Disclosure of Potential Conflicts of Interest: Siân Jones, Ralph H. Hruban, James R. Eshleman and Alison Klein are co-inventors on PLAB2- related intellectual property managed by Johns Hopkins University and have the potential to receive royalty payments for the PALB2 invention. The other authors disclosed no potential conflicts of interest

©2010 AACR.

Figures

Figure 1. Images of Clinical Outcome
Figure 1. Images of Clinical Outcome
A) Pet-CT obtained at the first postoperative visit showing an enlarged left supraclavicular lymph node with increase FDG uptake (arrowhead). A biopsy of this lymph node showed metastatic adenocarcinoma; B) CT revealing extensive locoregional recurrent disease after four cycles of gemcitabine; C) Late pulmonary progression with a left upper lesion that developed 22 months of follow up after the initial treatment with MMC (arrowhead); D) Decrease in pulmonary lesion size after two additional courses of MMC (arrowhead).

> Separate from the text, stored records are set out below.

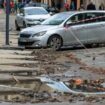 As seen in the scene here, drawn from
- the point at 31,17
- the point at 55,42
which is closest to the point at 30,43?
the point at 55,42

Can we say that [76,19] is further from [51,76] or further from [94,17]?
[51,76]

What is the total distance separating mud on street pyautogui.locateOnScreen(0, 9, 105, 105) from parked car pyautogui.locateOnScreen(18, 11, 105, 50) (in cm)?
87

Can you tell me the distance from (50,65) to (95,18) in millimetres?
7244

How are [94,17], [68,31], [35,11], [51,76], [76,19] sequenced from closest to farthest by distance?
[51,76] < [68,31] < [76,19] < [94,17] < [35,11]

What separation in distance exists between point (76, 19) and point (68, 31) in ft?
3.17

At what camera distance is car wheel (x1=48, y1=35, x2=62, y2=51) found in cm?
2180

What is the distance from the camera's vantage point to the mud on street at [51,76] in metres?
10.8

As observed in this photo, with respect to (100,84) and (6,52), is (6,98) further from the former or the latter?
(6,52)

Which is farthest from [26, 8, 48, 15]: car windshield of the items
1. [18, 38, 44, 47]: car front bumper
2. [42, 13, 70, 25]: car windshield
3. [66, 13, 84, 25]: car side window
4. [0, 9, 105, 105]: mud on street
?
[0, 9, 105, 105]: mud on street

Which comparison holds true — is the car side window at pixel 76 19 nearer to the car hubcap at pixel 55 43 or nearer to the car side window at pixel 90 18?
the car side window at pixel 90 18

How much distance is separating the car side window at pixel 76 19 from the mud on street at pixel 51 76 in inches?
76.2

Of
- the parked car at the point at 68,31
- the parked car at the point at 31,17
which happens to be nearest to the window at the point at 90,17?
the parked car at the point at 68,31

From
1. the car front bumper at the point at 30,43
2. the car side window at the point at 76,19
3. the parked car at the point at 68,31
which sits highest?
the car side window at the point at 76,19

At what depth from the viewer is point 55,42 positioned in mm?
21859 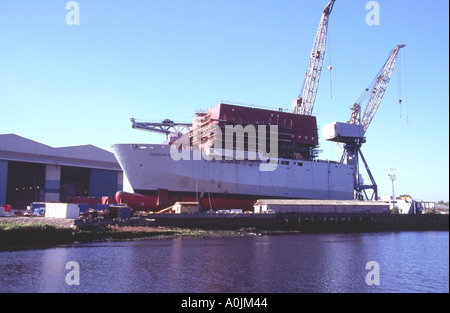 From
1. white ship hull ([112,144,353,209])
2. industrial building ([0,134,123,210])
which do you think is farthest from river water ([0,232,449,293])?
industrial building ([0,134,123,210])

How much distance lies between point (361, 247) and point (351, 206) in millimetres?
23215

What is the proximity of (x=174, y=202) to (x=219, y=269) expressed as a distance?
28.8 metres

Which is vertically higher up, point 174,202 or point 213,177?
point 213,177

Figure 2. CA 19-9 restores to normal…
Figure 2. CA 19-9 restores to normal levels with MMC treatment
Time-course of CA 19-9 showing disease progression while on gemcitabine and complete normalization with MMC. Y-axis is log-scale of CA19-9 concentration presented in Units/mL;
Figure 3. MMC and cisplatin treatment remarkably…
Figure 3. MMC and cisplatin treatment remarkably suppressed the tumor growth of patient’s pancreatic carcinoma grown in nu/nu mice xenografts
Tumor growth curves indicating resistance to gemcitabine and remarkable response to MMC and cisplatin in the patient’s own xenografts (JH033). Panc 185, a pancreatic cancer xenograft with wild-type PALB2 wass presented as a control. Mice were treated and tumor volumes were monitored over time (days) as indicated in the materials and methods. Tumor growth is expressed as mean tumor volume ± SEM.

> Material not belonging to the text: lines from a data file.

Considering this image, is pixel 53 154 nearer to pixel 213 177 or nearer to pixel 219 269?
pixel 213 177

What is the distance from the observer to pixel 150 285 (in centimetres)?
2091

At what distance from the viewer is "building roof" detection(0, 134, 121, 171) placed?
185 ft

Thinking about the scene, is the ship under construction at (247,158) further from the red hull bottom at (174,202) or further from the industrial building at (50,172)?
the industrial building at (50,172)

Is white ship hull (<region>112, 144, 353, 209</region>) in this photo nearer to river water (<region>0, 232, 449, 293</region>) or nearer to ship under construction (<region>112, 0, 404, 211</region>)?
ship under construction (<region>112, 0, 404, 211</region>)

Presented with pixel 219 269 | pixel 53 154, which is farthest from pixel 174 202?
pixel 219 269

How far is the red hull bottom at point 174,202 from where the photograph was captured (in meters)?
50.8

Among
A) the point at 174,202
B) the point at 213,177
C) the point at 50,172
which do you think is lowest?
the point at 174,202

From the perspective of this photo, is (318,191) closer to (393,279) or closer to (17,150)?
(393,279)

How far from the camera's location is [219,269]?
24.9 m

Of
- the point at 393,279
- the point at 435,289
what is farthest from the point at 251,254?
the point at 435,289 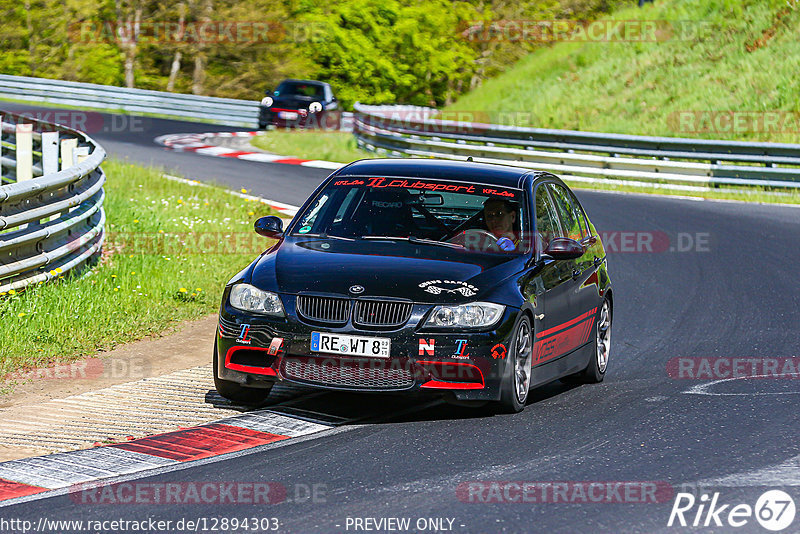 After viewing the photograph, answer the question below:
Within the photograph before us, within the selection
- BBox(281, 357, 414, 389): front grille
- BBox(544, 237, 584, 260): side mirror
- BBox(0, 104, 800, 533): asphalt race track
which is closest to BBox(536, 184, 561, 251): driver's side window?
BBox(544, 237, 584, 260): side mirror

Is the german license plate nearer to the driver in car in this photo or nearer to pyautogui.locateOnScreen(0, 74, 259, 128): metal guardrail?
the driver in car

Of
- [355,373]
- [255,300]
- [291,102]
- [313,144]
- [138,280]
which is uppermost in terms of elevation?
[255,300]

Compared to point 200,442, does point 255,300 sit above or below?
above

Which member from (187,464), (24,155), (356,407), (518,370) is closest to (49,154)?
(24,155)

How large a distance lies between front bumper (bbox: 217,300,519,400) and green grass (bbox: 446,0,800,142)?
2174 centimetres

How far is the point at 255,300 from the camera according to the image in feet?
24.1

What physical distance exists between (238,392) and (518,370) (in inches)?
68.3

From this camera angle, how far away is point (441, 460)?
20.9ft

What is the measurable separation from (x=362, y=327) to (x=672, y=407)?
221 cm

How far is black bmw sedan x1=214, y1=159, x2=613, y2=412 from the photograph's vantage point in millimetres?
7090

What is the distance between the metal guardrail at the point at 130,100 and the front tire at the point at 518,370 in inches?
1250

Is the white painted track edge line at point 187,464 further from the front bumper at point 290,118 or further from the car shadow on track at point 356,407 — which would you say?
the front bumper at point 290,118

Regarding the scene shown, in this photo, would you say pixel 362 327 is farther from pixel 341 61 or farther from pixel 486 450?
pixel 341 61

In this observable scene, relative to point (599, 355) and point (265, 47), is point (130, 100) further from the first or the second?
point (599, 355) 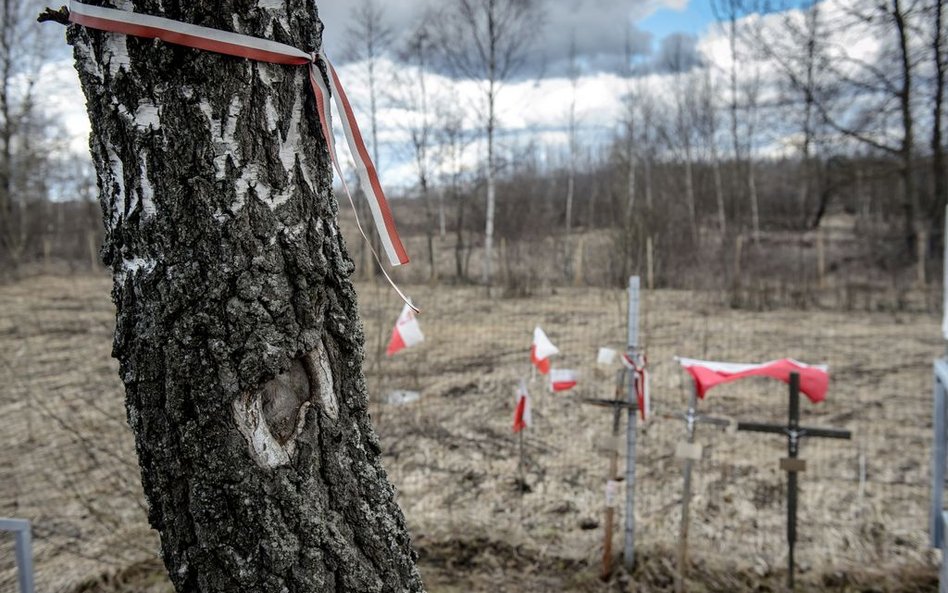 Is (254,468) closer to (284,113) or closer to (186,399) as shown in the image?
(186,399)

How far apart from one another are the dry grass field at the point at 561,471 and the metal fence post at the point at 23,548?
3.96 ft

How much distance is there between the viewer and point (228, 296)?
1.16 metres

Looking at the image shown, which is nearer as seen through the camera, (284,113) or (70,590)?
(284,113)

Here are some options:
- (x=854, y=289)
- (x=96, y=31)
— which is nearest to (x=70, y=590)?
(x=96, y=31)

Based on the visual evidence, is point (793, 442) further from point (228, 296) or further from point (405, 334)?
point (228, 296)

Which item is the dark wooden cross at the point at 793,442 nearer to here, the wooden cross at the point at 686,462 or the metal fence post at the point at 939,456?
the wooden cross at the point at 686,462

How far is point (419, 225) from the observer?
98.2 feet

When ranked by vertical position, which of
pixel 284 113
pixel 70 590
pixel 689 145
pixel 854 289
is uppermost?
pixel 689 145

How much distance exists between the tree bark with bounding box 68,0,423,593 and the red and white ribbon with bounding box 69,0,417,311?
0.02 meters

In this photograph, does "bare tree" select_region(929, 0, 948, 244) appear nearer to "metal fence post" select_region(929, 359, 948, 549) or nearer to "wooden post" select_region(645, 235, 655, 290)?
"wooden post" select_region(645, 235, 655, 290)

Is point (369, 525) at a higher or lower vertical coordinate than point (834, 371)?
higher

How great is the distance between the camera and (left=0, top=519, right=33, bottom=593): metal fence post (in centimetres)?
226

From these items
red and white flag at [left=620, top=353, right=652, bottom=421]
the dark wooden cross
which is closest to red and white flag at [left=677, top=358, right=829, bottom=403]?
the dark wooden cross

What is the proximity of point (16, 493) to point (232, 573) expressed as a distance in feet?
16.4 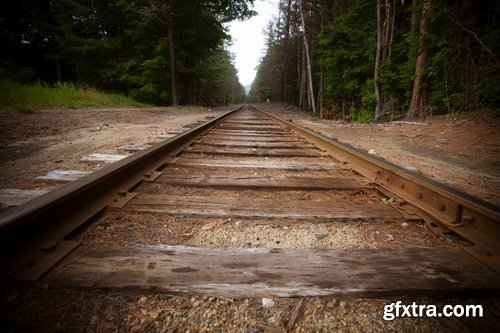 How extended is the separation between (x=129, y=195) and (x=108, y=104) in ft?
36.9

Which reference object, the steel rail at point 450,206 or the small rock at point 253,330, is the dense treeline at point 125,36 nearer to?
the steel rail at point 450,206

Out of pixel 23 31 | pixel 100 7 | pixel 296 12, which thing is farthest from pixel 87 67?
pixel 296 12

Figure 4. Mechanistic Studies
Figure 4. Mechanistic Studies
A) Location of somatic mutation in the PALB2 gene. The patient had somatically acquired a transition mutation (C to T) at a canonical splice site for exon 10 (IVS10+2). Exons are represented as black boxes and introns as black lines; B) Co-immunoprecipitation with a monoclonal antibody against BRCA1 of the BRCA1-BRCA2 complex. No complex is identified in the PALB2 mutant tumor JH033 as compared to the wild type Panc185 tumor used as a control; C) Western blot of FANCD2 ubiquitination. The upper band represents the ubiquitinated or long form (PFANCD2 Lys561) and the lower band represents the short, non ubiquitinated form. JH033 has competent proximal FA complex similar to the MMC resistant Panc185 control.